Brief descriptive captions:

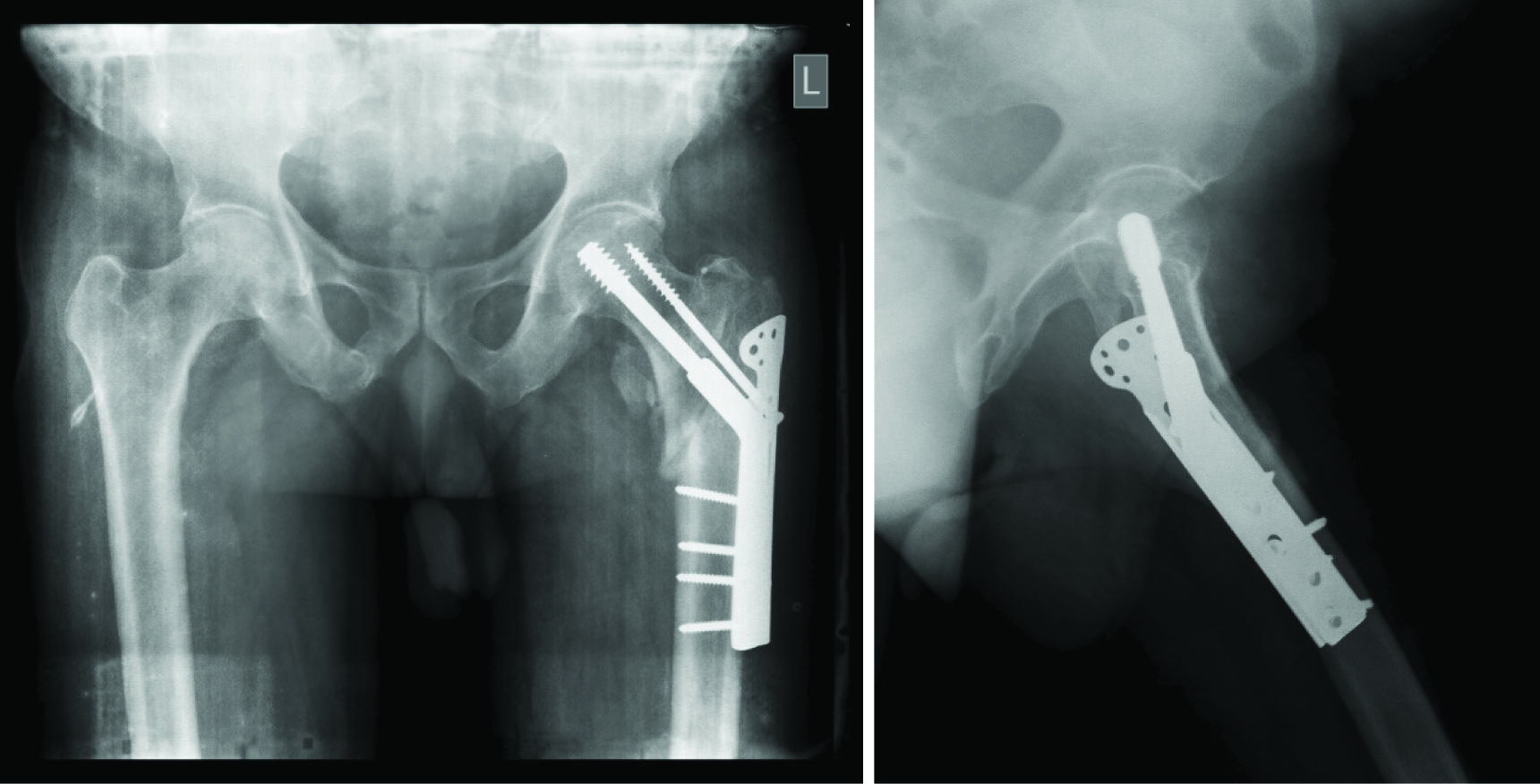 Complications After Hip Nailing for Fractures | Orthopedics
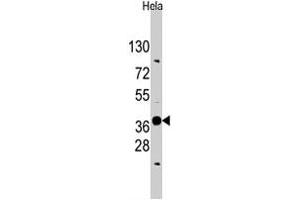 Western blot analysis of EDA polyclonal antibody  in HeLa cell lysate (35 ug/lane). (Ectodysplasin A 抗体  (N-Term))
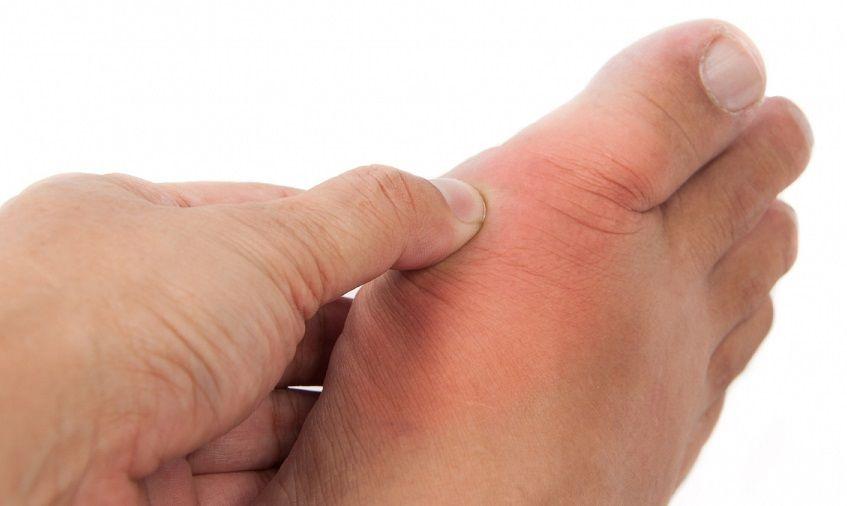 Estudio relaciona los ataques de gota con el riesgo cardiovascular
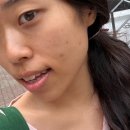콜라보엑스 | 쥐젖 비립종 요철 없애는 방법 | 비렌느 스팟 엑스 사용 후기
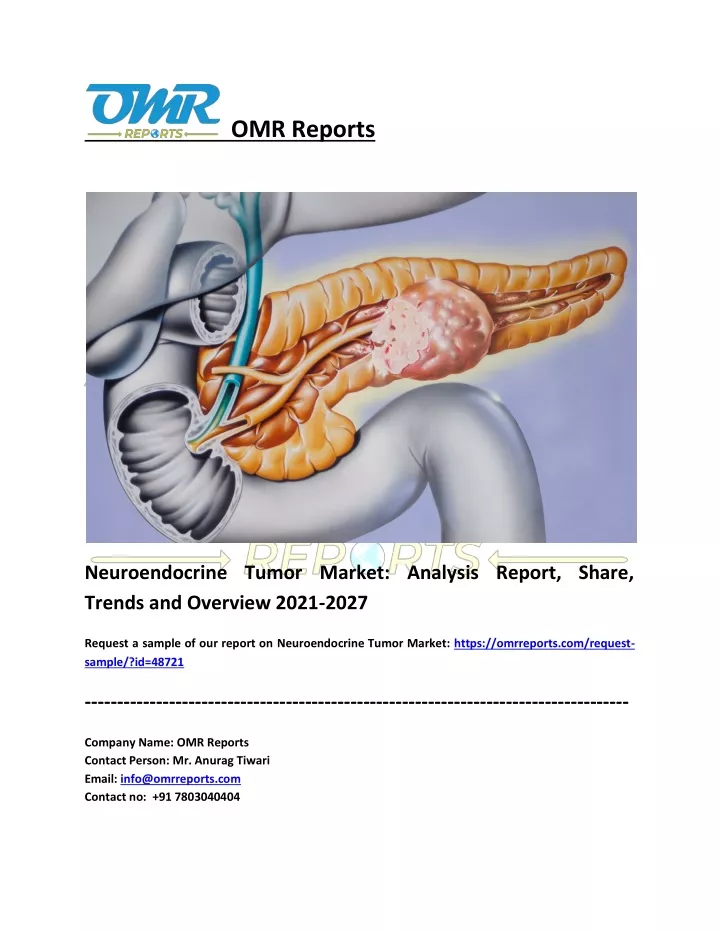 omr reports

Exercise objective: Pictures do not go in the copy; print every entry exactly as it stands.

Completed exercise:
 Complications After Hip Nailing for Fractures | Orthopedics
 Western blot analysis of EDA polyclonal antibody  in HeLa cell lysate (35 ug/lane). (Ectodysplasin A 抗体  (N-Term))
 Estudio relaciona los ataques de gota con el riesgo cardiovascular
콜라보엑스 | 쥐젖 비립종 요철 없애는 방법 | 비렌느 스팟 엑스 사용 후기
 omr reports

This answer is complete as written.